(Image-caption web data)
----------------------------------------

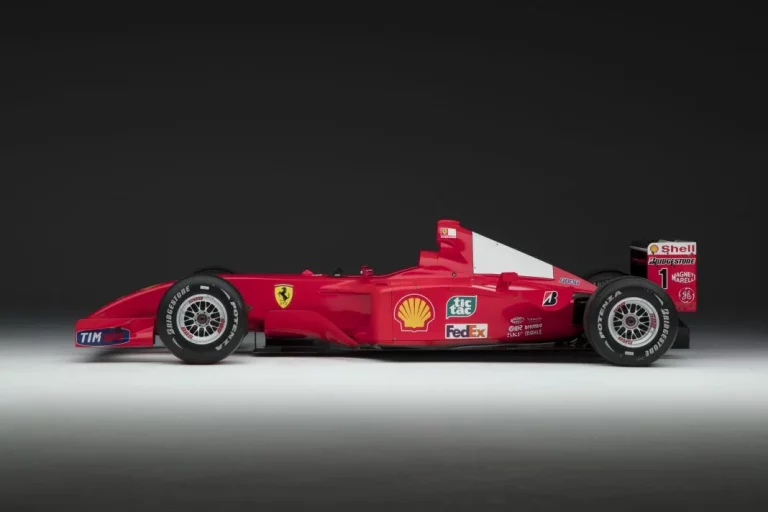 Este Ferrari de F1 ex Schumacher ganador del GP de Mónaco está a la venta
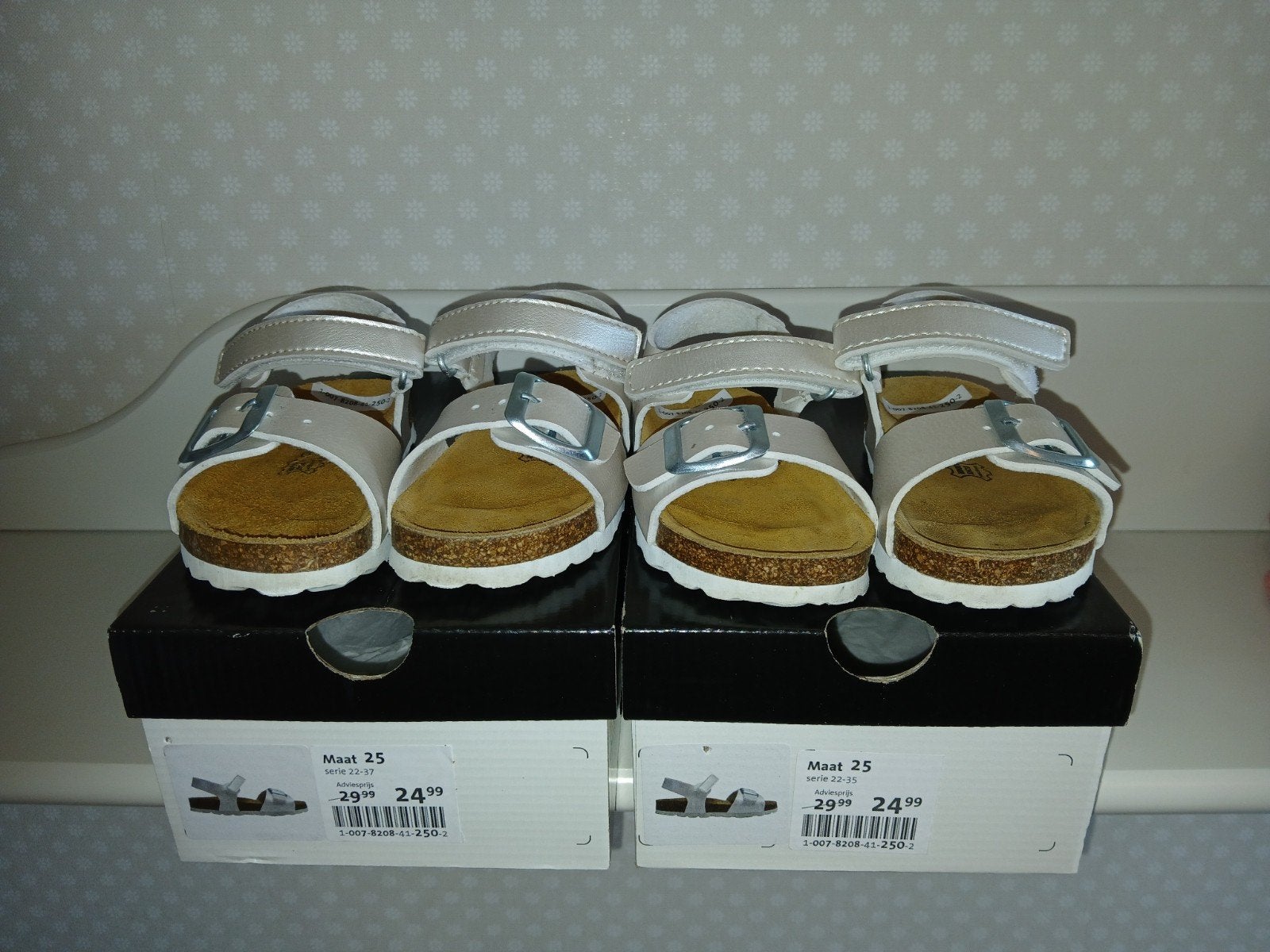 Sandalen Hush Puppies zilver tweeling, maat 25, Ophalen, Meisje, Hush Puppies, Overige typen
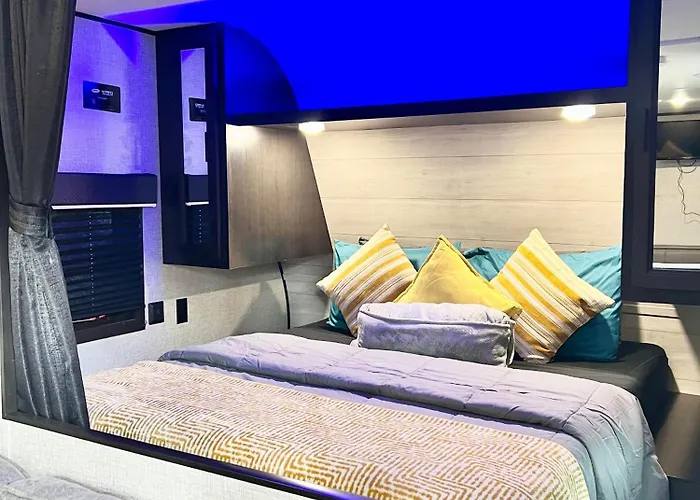 *Sweet Carolina* Camper 2 Bedroom Sleeps 3
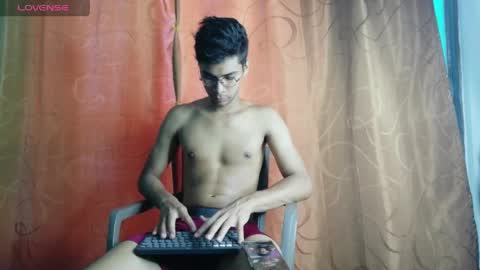 twinksecrets_ online show from May 9, 2026, 11:48 am
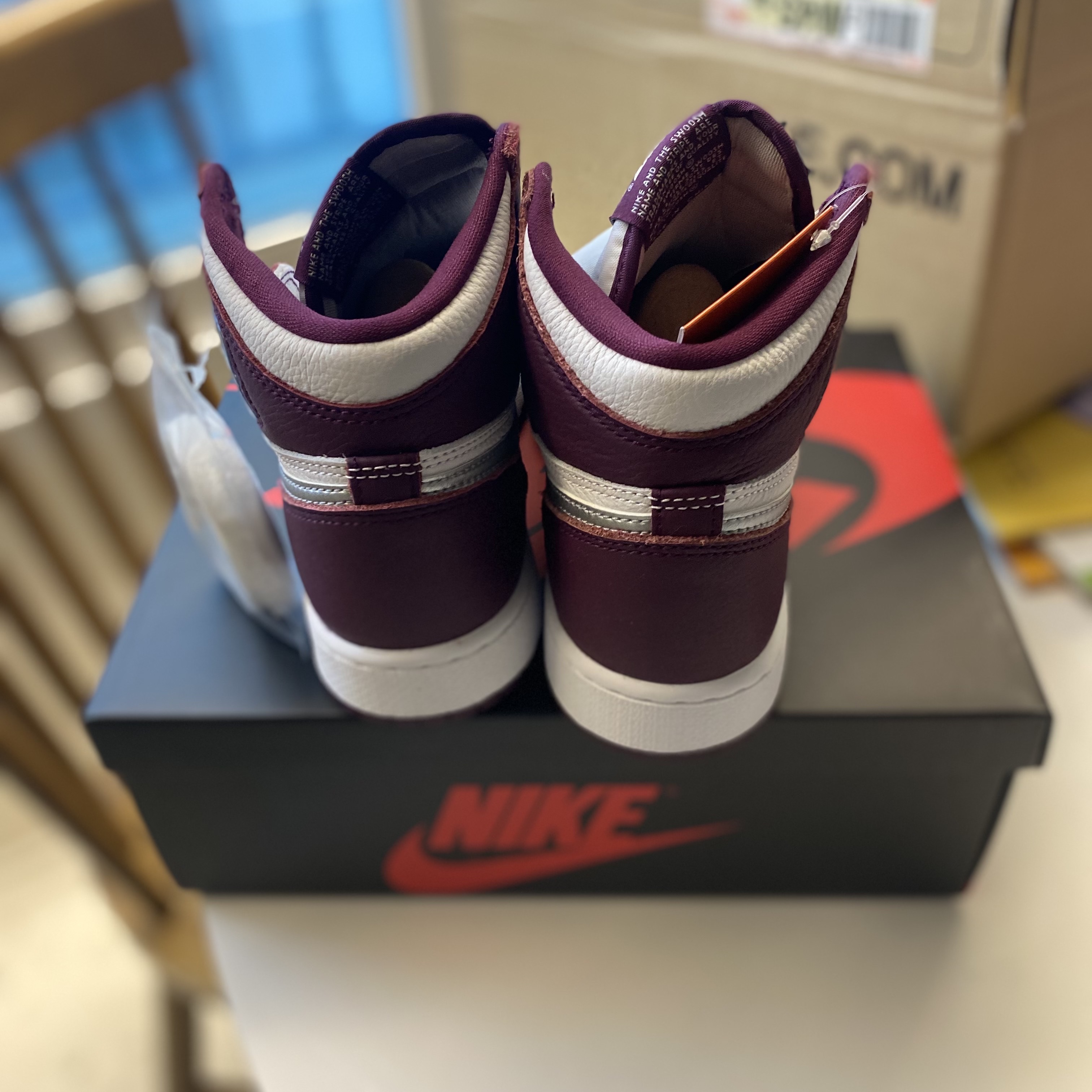 (GS) Jordan 1 Retro High OG Bordeaux 착용 스타일 - 4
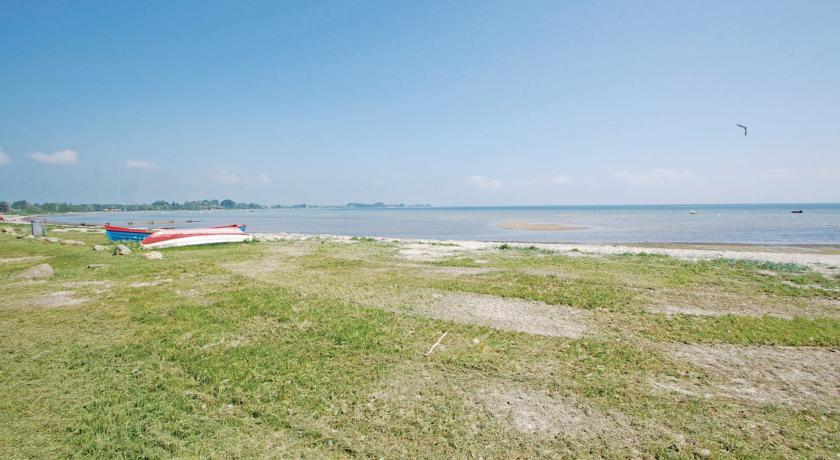 Апартаменты Holiday home Bjert 60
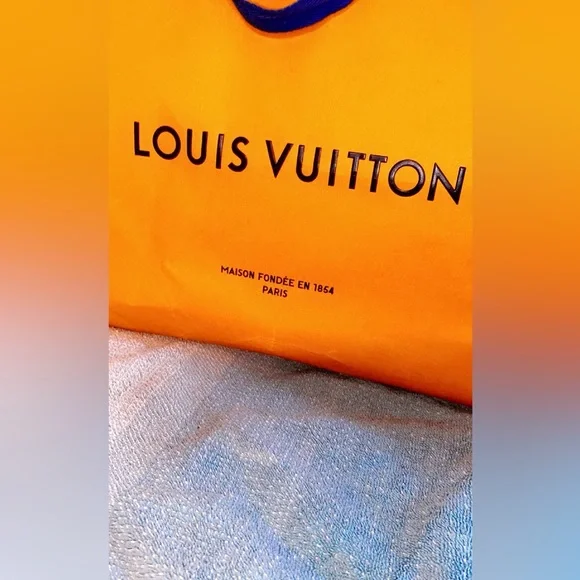 Louise Vuitton Damier Azur Purse, Brand New, “A MUST SEE.” - Picture 10 of 12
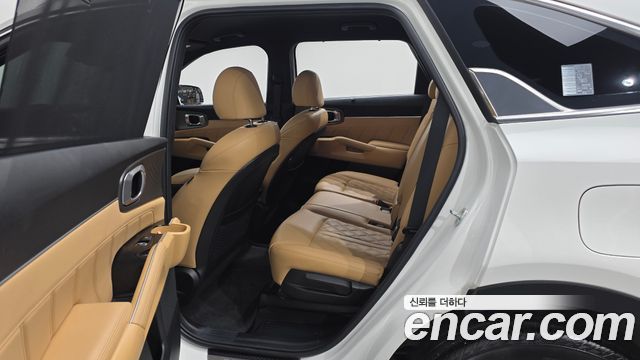 Kia Sorento 2023 — photo 17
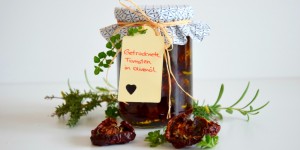 Beitragsbild des Blogbeitrags Getrocknete Tomaten in feinem Olivenöl – ideal zum Genießen oder Verschenken!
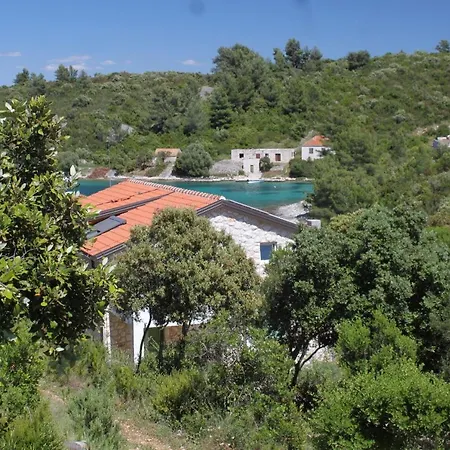 Karkavac - Scedro 8801d Jelsa (Hvar)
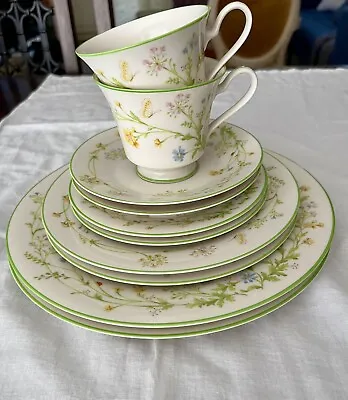 10 Pieces Reverie Green Trim By Noritake Ivory China Dinnerware • $99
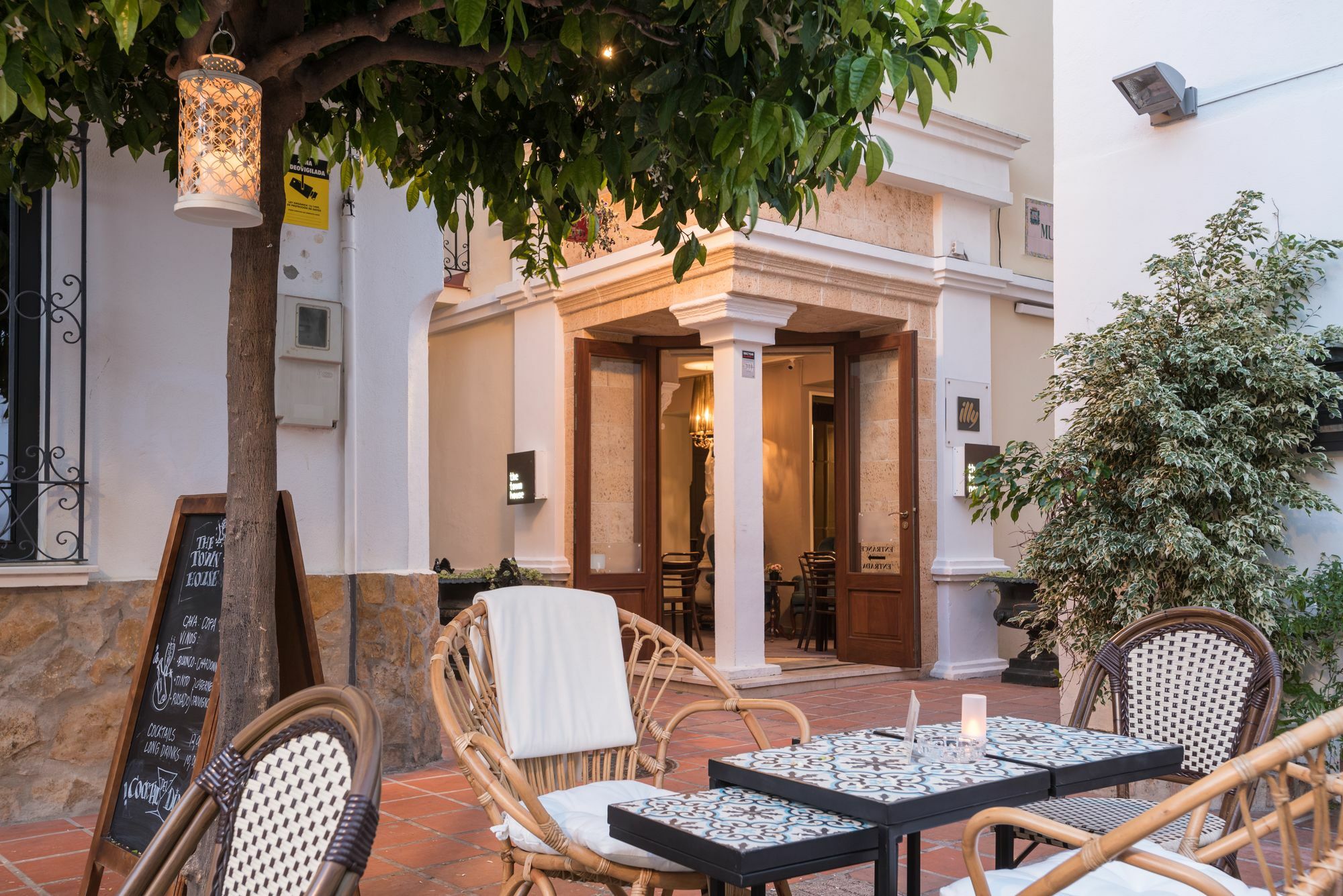 Pensión The Town House (adults Only)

----------------------------------------

* [What you will do]: Starting at the line that holds "twinksecrets_ online show", print each line through the last one of the entries above, exactly and with both ends included; no pictures.

* [Result of the task]:
 twinksecrets_ online show from May 9, 2026, 11:48 am
 (GS) Jordan 1 Retro High OG Bordeaux 착용 스타일 - 4
 Апартаменты Holiday home Bjert 60
 Louise Vuitton Damier Azur Purse, Brand New, “A MUST SEE.” - Picture 10 of 12
 Kia Sorento 2023 — photo 17
 Beitragsbild des Blogbeitrags Getrocknete Tomaten in feinem Olivenöl – ideal zum Genießen oder Verschenken!
 Karkavac - Scedro 8801d Jelsa (Hvar)
 10 Pieces Reverie Green Trim By Noritake Ivory China Dinnerware • $99
 Pensión The Town House (adults Only)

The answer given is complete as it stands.